‘rhythm and line and necessity’: John Riley and Czargrad


‘Царьград’, Riley’s title of a folder containing drafts of ‘Czargrad’. From MS Add. 10038.

A new exhibition in the University Library Entrance Hall traces the composition of John Riley’s poem Czargrad, a seminal work in the alternative tradition of British poetry exemplified by the so-called ‘Cambridge School’ in the 1960s and 1970s.

Riley was born in Leeds in 1937 and was educated at Pembroke College, Cambridge, between 1958 and 1961. He took employment as a schoolteacher before leaving the profession to concentrate on literary work. He was killed in a street robbery in Leeds in 1978, aged 41. John Riley’s literary papers were generously donated to Cambridge University Library by his wife, Carol Riley Brown, in 2013.

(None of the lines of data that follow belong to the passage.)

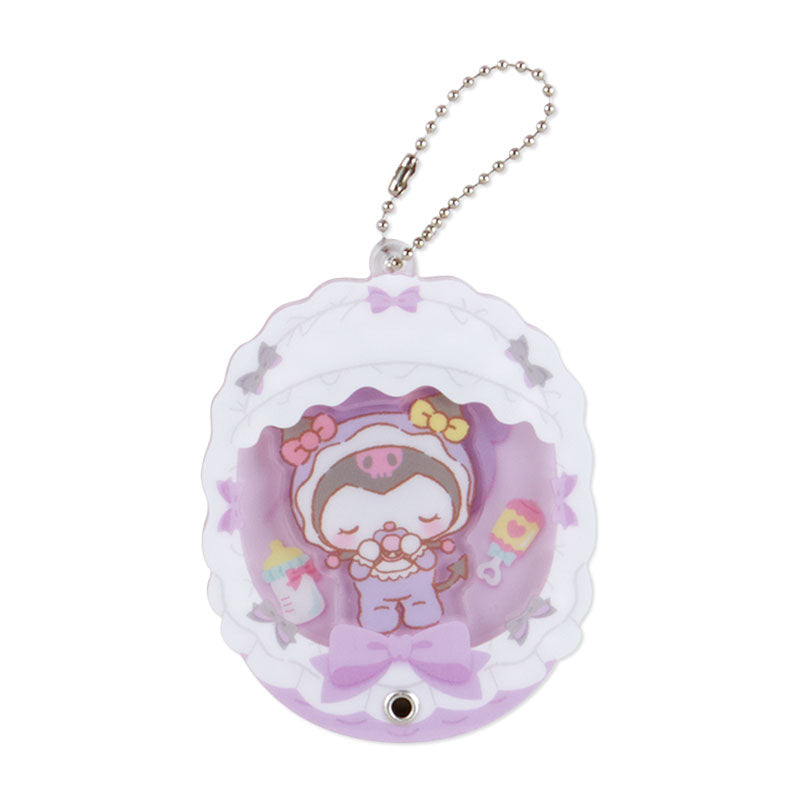 Sanrio Characters Acrylic Charm - Baby Cradle - Sanrio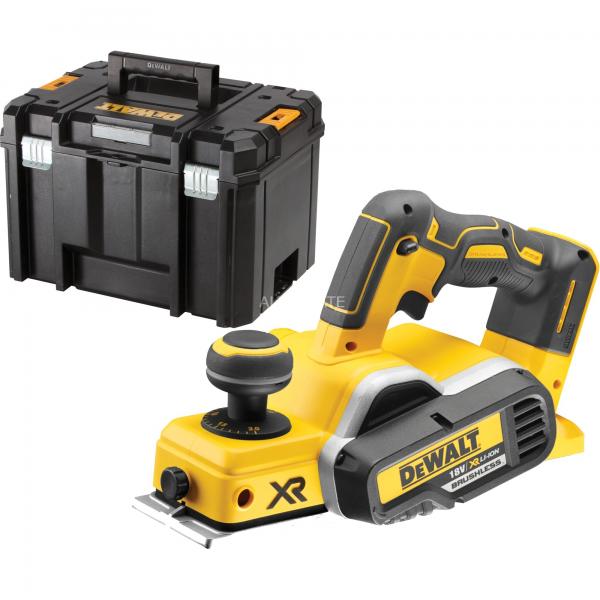 Dewalt DCP580NT-XJ Kömürsüz Planya (Aküsüz)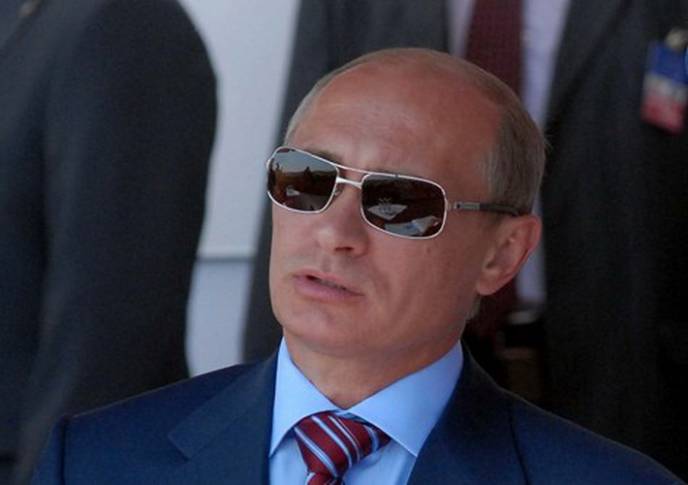 Цель номер один: Путин мешает американской гегемонии Цель номер один: Путин мешает американской гегемонии
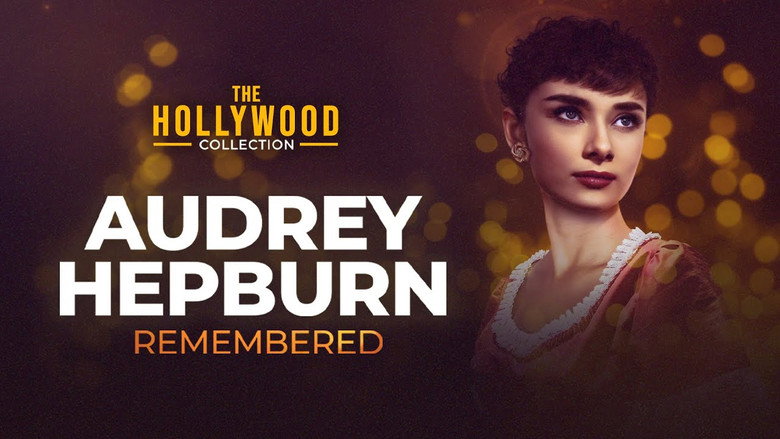 Audrey Hepburn: Remembered still 1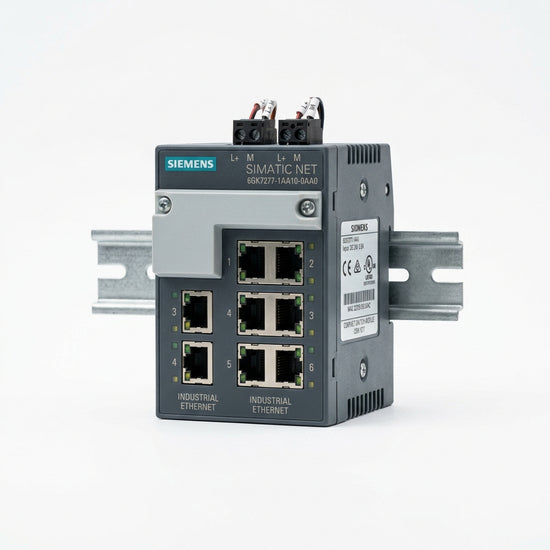 SIEMENS 6GK7277-1AA10-0AA0 MODULO DE INTERRUPTOR COMPACTO
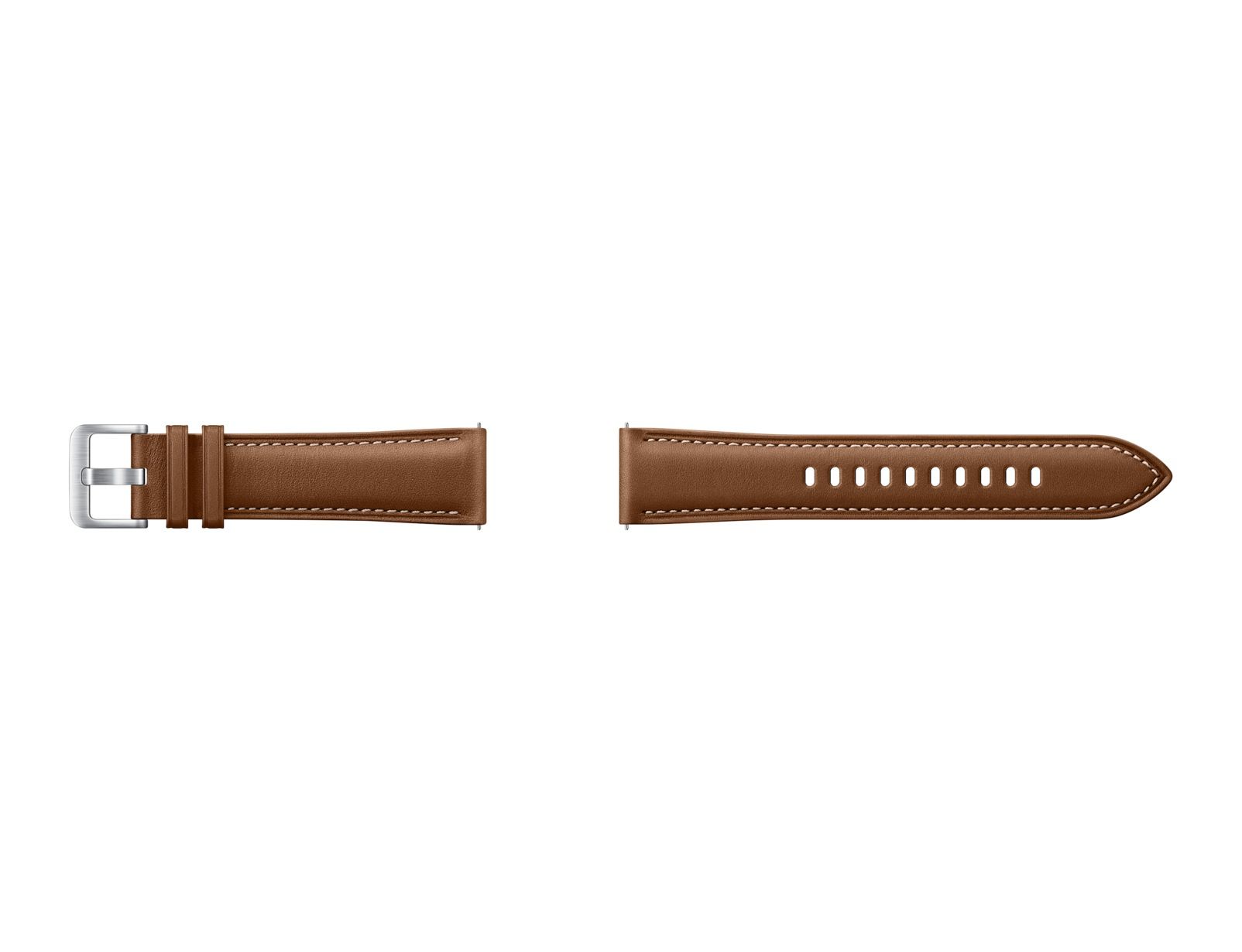 Samsung ET-SLR85 Leather Strap, Brown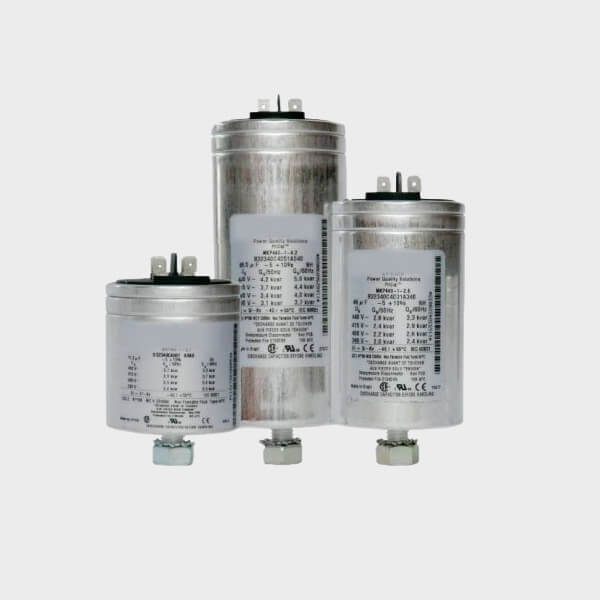 Capacitor Monofásico - Minulight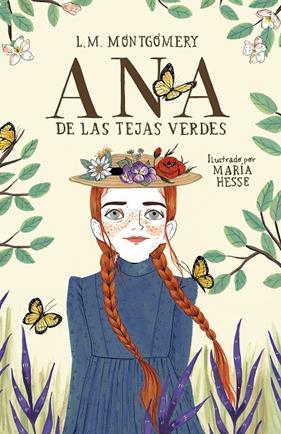 ANA DE LAS TEJAS VERDES | 9788418915123 | MONTGOMERY, LUCY MAUD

Czargrad holds a central place in Riley’s work. Writing in PN review in 1981, Douglas Oliver called it Riley’s ‘broadest, most comprehensive poem’, evoking ‘an imagined, pristine, Eastern Orthodox city, shining a little with Byzantine gold, ambiguously holding out promise of true government, of true citizenship, and held in mind-sight by tremulous energies of artistic creativity.’ The poem, written in four parts in the years preceding Riley’s reception into the Russian Orthodox Church in 1977, uses incantatory language to interweave English and Eastern scenes with recurrent imagery of wings, water, flowers, leaves, domes and light.

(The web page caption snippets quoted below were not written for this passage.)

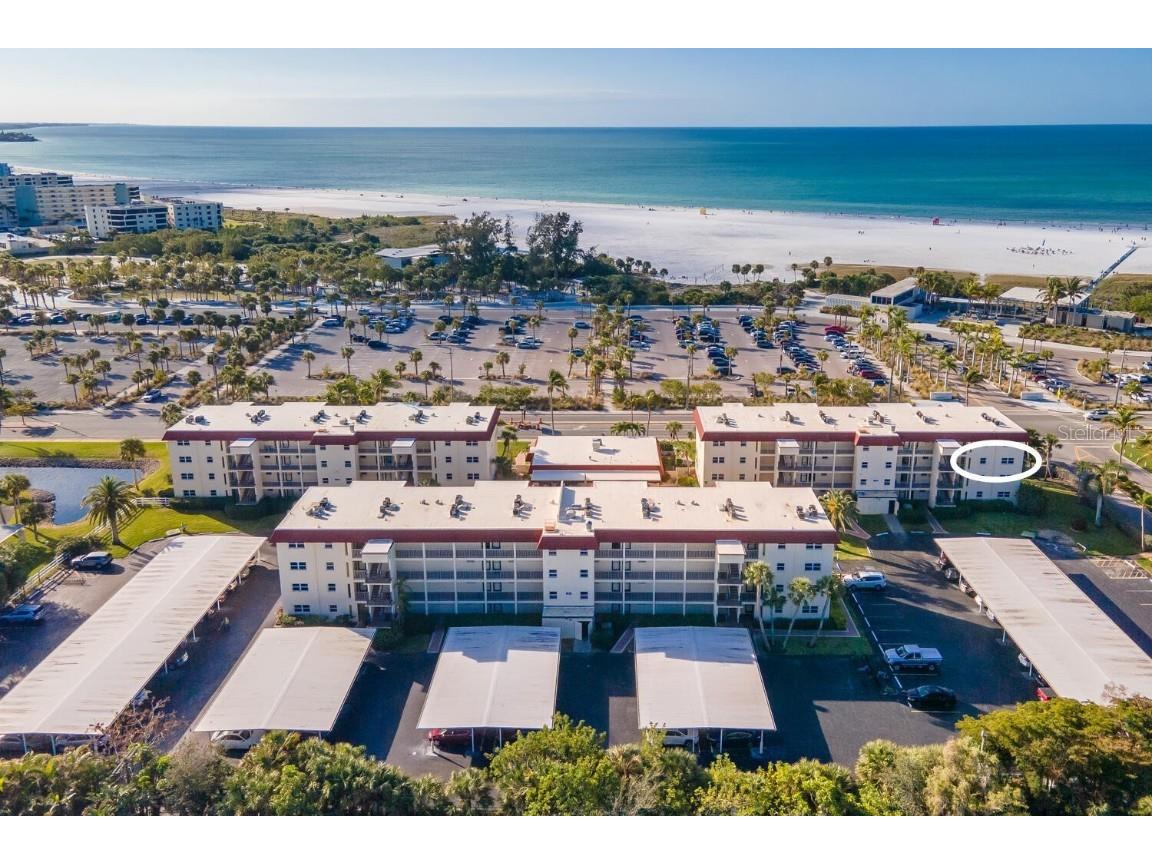 901 Beach Road #301 Sarasota FL 34242 - GULF OF MEXICO A4542206 image1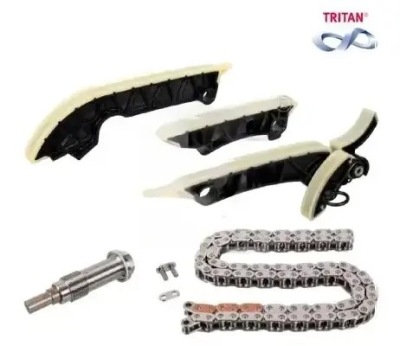 Набор цепи распределительного вала 172877 febi bilstein фото №1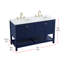 Meuble-lavabo double 54 po-814282243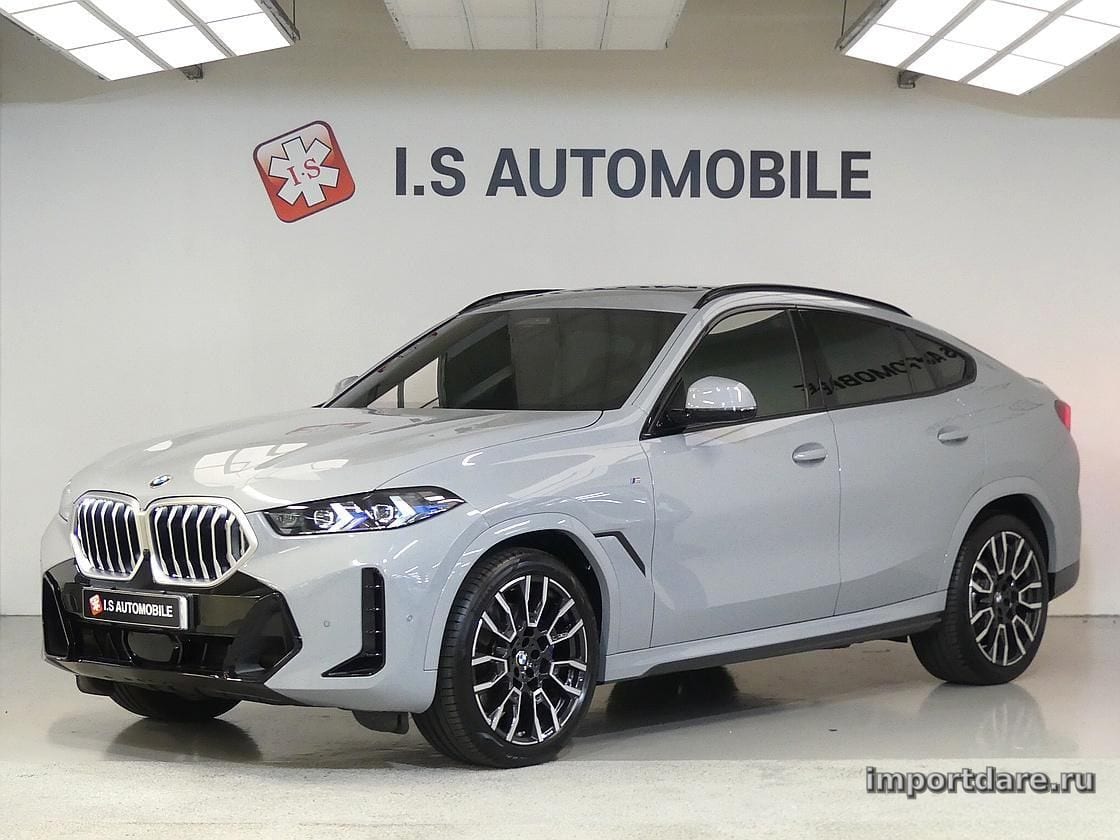 BMW X6 2026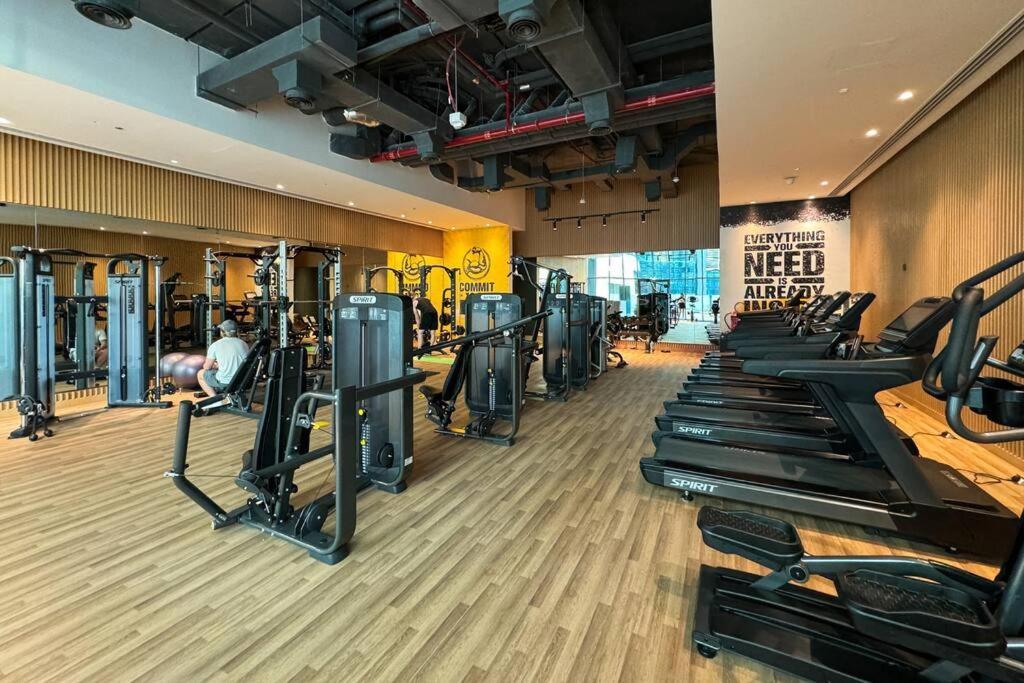 Seven Palm With Private Access Dubai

The exhibition, ‘rhythm and line and necessity’: John Riley and Czargrad, puts on display notebooks and worksheets containing a selection of Riley’s manuscript and typescript drafts of the poem, together with printed items and correspondence relating to the work. It draws both on the John Riley Papers, MS Add. 10038; Riley’s letters to his friend Michael Grant in MS Add. 10000; and the Library’s printed book collections. The exhibition will run in the Entrance Hall until Saturday 15 March, and is complemented by an online virtual exhibition, which contains additional material and will be available indefinitely.